Selain melihat potensi produk tertentu, Menkeu menilai pelaku usaha, khususnya usaha mikro, kecil, dan menengah (UMKM) berbasis halal, memiliki peluang besar untuk berkembang seiring meningkatnya permintaan terhadap produk halal. Karena itu, penguatan ekosistem industri halal dinilai penting agar mampu meningkatkan daya saing sekaligus memperluas akses pasar.
Upaya tersebut juga dinilai perlu didukung melalui penguatan kerja sama ekonomi syariah di antara negara-negara anggota Developing-8 (D-8). Menurut Menkeu, kolaborasi tersebut dapat membuka peluang perdagangan yang lebih luas sekaligus mendorong investasi yang saling menguntungkan.
"ini kan salah satu kegiatan awal untuk mempererat kerjasama antara negara Islam sehingga ekonomi syariah betul-betul bertumbuh di negara-negara Islam. Jadi kita akan tingkatkan terus kerjasama dengan D-8 termasuk mengundang investornya dan mengirimkan investor kita ke sana kalau diperlukan.," kata Menkeu.
Pernyataan tersebut disampaikan Menkeu usai mengunjungi D-8 Halal Expo Indonesia (HEI) 2026 di Senayan Tennis Indoor Complex, Jakarta, Rabu (8/7). Dalam kunjungannya, ia berkeliling ke sejumlah tenant dan berdialog langsung dengan para pelaku usaha untuk melihat perkembangan industri halal sekaligus mendengarkan peluang dan tantangan yang mereka hadapi.
Menkeu menilai penyelenggaraan D-8 Halal Expo Indonesia menjadi wadah strategis untuk mempererat kerja sama antarnegara Islam sekaligus mempromosikan produk halal Indonesia ke pasar internasional.
“Ini saya baru mengunjungi pameran showcase halal.
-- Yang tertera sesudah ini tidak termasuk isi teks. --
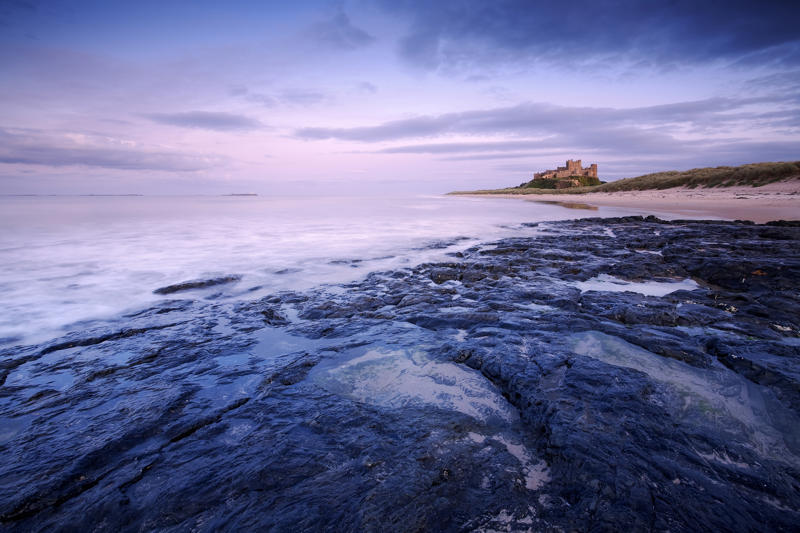 Bamburgh, England Basilica Cistern, อิสตันบูล, ตุรกี, บิกเบน, ลอนดอน, อังกฤษ, ชลาคาร Adalaj, อินเดีย, ปอร์โตเวเนเร, อิตาลี, อุทยาน Rodrigues Alves, บราซิล, Rani ki Vav, อินเดีย, วัดอรุณ, ไทย, ประตูชัยถนนออกัสตา, โปรตุเกส, ทัชมาฮาล, อินเดีย, ป้อมแดง, อินเดีย, น้ำพุเทรวี, อิตาลี, ติวานากู, โบลิเวีย, สเบตลา, ตูนิเซีย, ป้อมจิตตอร์, อินเดีย, สวนจีน สิงคโปร์, เปตรา จอร์แดน, ซุ้มประตูคอนสแตนติน, อิตาลี, Yaxchilán, เม็กซิโก, โรงอาบน้ำคาราคัลลา, อิตาลี, San Miguel de Allende, เม็กซิโก, วิหารโอลิมเปียนซูส กรุงเอเธนส์ ประเทศกรีซ, ถ้ำฟราซาสซี ประเทศอิตาลี, สุสานซิลลูสตานี ประเทศเปรู, สำนักแห่งเอเธนส์ ประเทศกรีซ, ลาซซาเรตโตแห่งอันโคนา ประเทศอิตาลี, วิหารเอเรคธีออน กรีซ, อนุสรณ์สถานแห่งชาติเดวิลโพสต์ไพล์ แคลิฟอร์เนีย, สุสานหลวง เปตรา จอร์แดน, ตูลุม, เม็กซิโก, แบมบะระ, อังกฤษ, บูดาเปสต์, ฮังการี, ป้อมอาเมร์, อินเดีย, มาชูปิกชู, เปรู, ตอสสาเดอมาร์, สเปน, สวน Gonaitei, ญี่ปุ่น, วิคโลว์, ไอร์แลนด์, ปาเลงเก, เม็กซิโก, Bethesda Terrace, นิวยอร์ก, สหรัฐฯ, โบสถ์ซานปิเอโตร, อิตาลี, สวนชา, มณฑลฉางซิง, จีน, มัสยิด Tin Mal, โมร็อกโก, ป่าสงวนแห่งชาติ Uinta-Wasatch-Cache, ยูทาห์, สหรัฐอเมริกา, ไดโกจิ, เกียวโต, ญี่ปุ่น, แอริโซนา, สหรัฐอเมริกา, อุทยานประวัติศาสตร์แห่งรัฐ Ward Charcoal Ovens ใกล้อีลี, เนวาดา, Vallone dei Mulini, อิตาลี, อุทยานแห่งรัฐสมิธ ร็อค, ออริกอน, สหรัฐอเมริกา, San Juan de Gaztelugatxe, สเปน, ป้อมรายครห์, อินเดีย, หอสังเกตการณ์ทะเลทรายแกรนด์แคนยอน, แอริโซนา, สหรัฐฯ, พระราชวังอิมพีเรียล, ญี่ปุ่น, ซากปราสาทเพนนาร์ด, สหราชอาณาจักร, ปราสาทอิวะคุนิ, ญี่ปุ่น, จังหวัดนางาโนะ, ญี่ปุ่น, วิหารพาร์เธนอน, กรีซ, ปราสาท Classiebawn, ไอร์แลนด์, เชฟชาอูน, โมร็อกโก, สวนชินจูกุ เกียวเอ็น, ญี่ปุ่น, ลักซอร์, อียิปต์, สะพานโบราณจั่วอิง, จีน, ปราสาท Torrechiara, อิตาลี, สวนราชพฤกษ์, ไทย, กำแพงเมืองจีน, ซากปรักหักพังจัตุรัสโรมัน, อิตาลี, ป้อม Lovrijenac, โครเอเชีย, กังหันลมพิทสโตน, บักกิงแฮมเชอร์, คาซามิลา, สเปน, ซากปรักหักพังของชาวมายันในซูนานตูนิช, เบลีซ, กัสเตลโนด์ ลา ชาแปล, ฝรั่งเศส, ปราสาทเบร์ลังกา เด ดูเอโร, สเปน, วิหารลักซอร์, อียิปต์, ประตูราชสีห์, ตุรกี, Trethevy Quoit, คอร์นวอลล์, Tinghir, โมร็อกโก, ปราสาทวอลซิน, เบลเยียม, ปาลาซโซ เวคคิโอ, อิตาลี, วิหารแห่งโพไซดอน, กรีซ, ไรน์แลนด์-พาลาทิเนต, เยอรมนี, แคนยอนเดอเชลลี, แอริโซนา, สหรัฐอเมริกา, นิวยอร์ก ซิตี้, จังหวัดคาโย, เบลีซ, ทิกัล, เอลเปเตง, กัวเตมาลา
Saya pikir ini bagus untuk mempererat kerja sama antar negara Islam dan mempromosikan produksi halal Indonesia dengan negara itu secara timbal balik.” ujar Menkeu.
Sebagai informasi, D-8 Halal Expo Indonesia 2026 berlangsung pada 8–12 Juli 2026 sebagai ajang promosi, perdagangan, dan kolaborasi industri halal yang mempertemukan pelaku usaha, investor, serta mitra bisnis dari negara-negara anggota D-8. Pameran tersebut menghadirkan lebih dari 100 tenant, paviliun internasional, business matching, media center, festival kuliner, dan pertunjukan budaya. Kegiatan itu diharapkan semakin memperkuat posisi Indonesia sebagai salah satu pemain penting dalam pengembangan industri halal global.